Intervention du Père Joseph Wresinski à une rencontre organisée par la revue « Echange et projets » sur le thème de « La Convivialité« , à Paris, le 8 août 1987 (texte préparé à la demande des organisateurs).
Cote d’archives Centre Joseph Wresinski 0782/38/03
Remarque introductive : tout l’homme et tous les hommes
Echanges et Projets, dans ses papiers préparatoires, a bien situé le niveau et les enjeux d’une réflexion sur la convivialité : non pas se perdre dans la recherche d’une définition mais saisir ce qu’elle signifie dans différentes dimensions de la quête de l’être humain :
– la dimension anthropologique se fondant sur la dynamique de recherche de la totalité qu’en d’autres temps, des penseurs comme le Père Teilhard de Chardin avaient fait ressortir. Il en ressort bien la contradiction sur laquelle s’appuie le désir de convivialité. Deux idéaux s’affrontent en l’être humain que la devise républicaine de 1789 a repris et dont « Echanges et Projets » fait une analyse intéressante : la liberté et la fraternité, deux dynamiques qui s’opposent et se bâtissent en même temps. Car il s’agit de faire l’homme dans sa totalité, et de faire la totalité des hommes. Non seulement l’être humain a ce vieux rêve ancré en lui, mais n’est-il pas possible de dire qu’il est ce rêve ?
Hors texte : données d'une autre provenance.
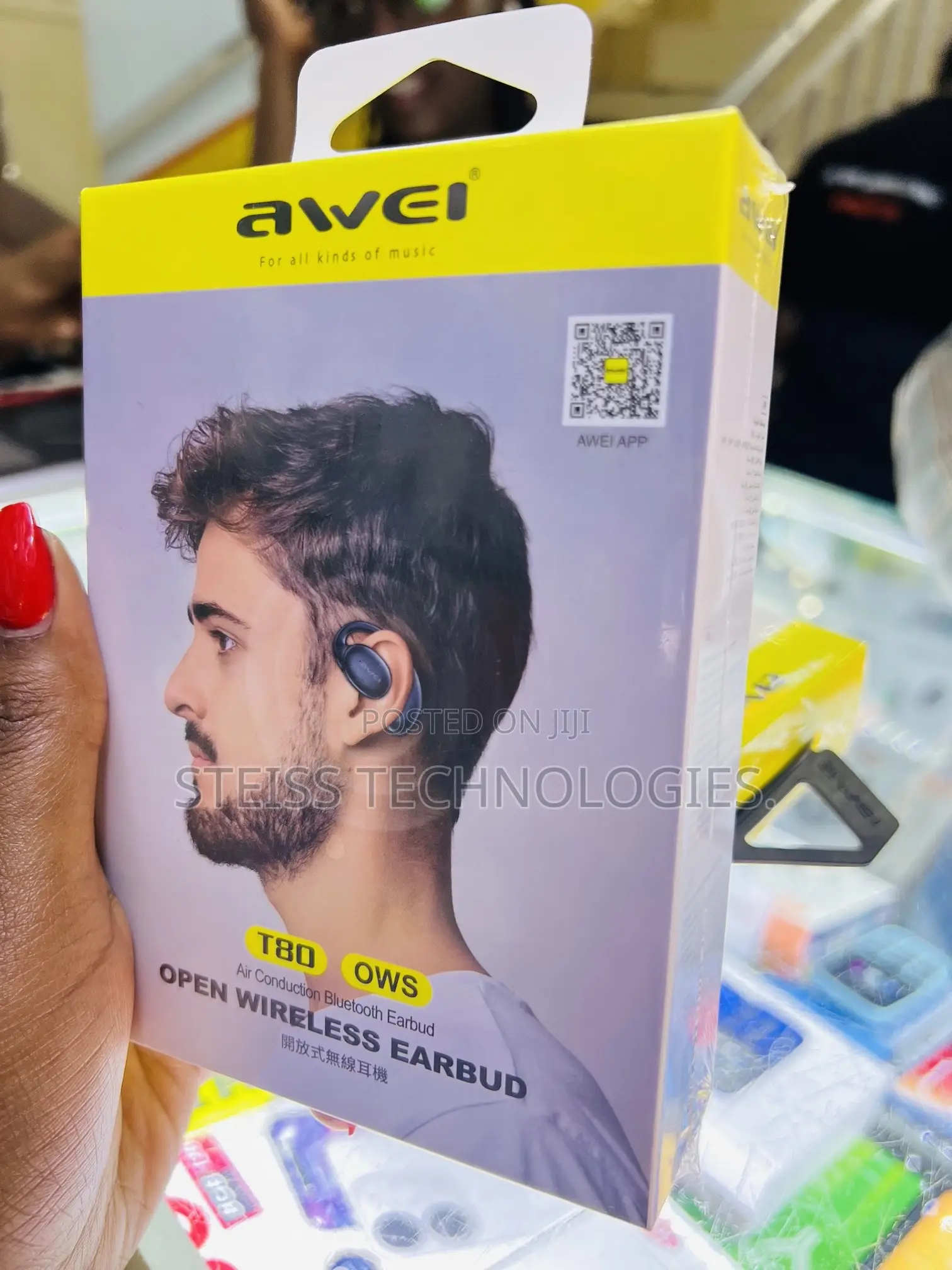 Awei Bone Induction Earpods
– la dimension historique avec le rappel des incalculables tentatives des hommes de créer des groupes conviviaux où « l’entrebâtir » de la liberté, de l’égalité et de la fraternité serait enfin possible. Toutes ces tentatives se sont heurtées à cette contradiction que soit créateur le mélange du vivre ensemble et de la liberté de l’individu, fondé sur cet idéal de l’indivisibilité de l’homme et de la communauté humaine, sœur aînée de l’indivisibilité des Droits de l’Homme[1]. Il serait intéressant de reprendre là l’évolution de cette indivisibilité. Ainsi dans les civilisations hindoues, aux castes fermées, où tous les membres sont assujettis aux mêmes règles et au même devenir, la seule façon pour l’individu d’aller au bout de son humanité est de s’isoler du groupe, de renoncer à la communauté, devenant aux yeux des autres un « renonçant ». Nos sociétés actuelles n’ont-elles pas en quelque sorte repris à leur compte ce processus en renonçant à « faire tous les hommes » pour permettre à tout homme d’aller au bout de son individualité ? N’y aurait-il pas eu quelque chose de perdu, en cours de route, que la convivialité essaie de retrouver ?
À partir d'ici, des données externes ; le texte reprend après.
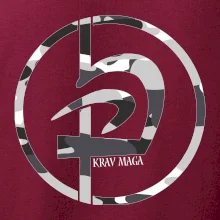 Krav maga  maskáčový nápis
– la dimension contemporaine dans ses différents aspects (économique, politique, social, éthique) et surtout dans ses différentes sincérités.
De cet essai d’analyse, il ressort qu’il y aurait recherche de convivialité aux époques où les hommes ne savent plus ce qu’ils vivent ensemble et ont besoin de retrouver un sens commun au travers de moyens à redécouvrir. Cette interrogation se ferait la plupart du temps quand ces moyens qui existent en principe ne touchent pas tout le monde. Il apparaîtrait alors un décalage qui conduirait à une nouvelle définition de ce que les hommes recherchent.
A travers l’ensemble de ces réflexions, il transparaît un refus que la convivialité soit tout et n’importe quoi. Il importe de la relier à l’idéal qui identifie l’homme à sa quête, à sa recherche qu’aucun homme ne soit exclu, sans appartenance à l’histoire de l’homme toujours en voie de se faire. La convivialité se veut questionneuse des entreprises humaines dans leurs diverses dimensions, elle repose la question de tout l’homme et de tous les hommes, rappelant que les deux dimensions sont liées. La convivialité serait le développement de tout l’homme pour un vivre ensemble de tous les hommes, sans aucune exception.
Dans la mesure où nous savons bien que ce développement n’est jamais achevé, n’importerait-il pas d’examiner la convivialité à la lumière de l’homme qui n’a pas été atteint par elle ? A quoi peut-il servir, en effet, d’entamer une réflexion sur la volonté de l’homme de vivre dans l’égalité et la fraternité, si ceux-là même qui n’y participent pas n’en deviennent pas la mesure ? Il y a là un danger de récupération et d’appropriation insupportables.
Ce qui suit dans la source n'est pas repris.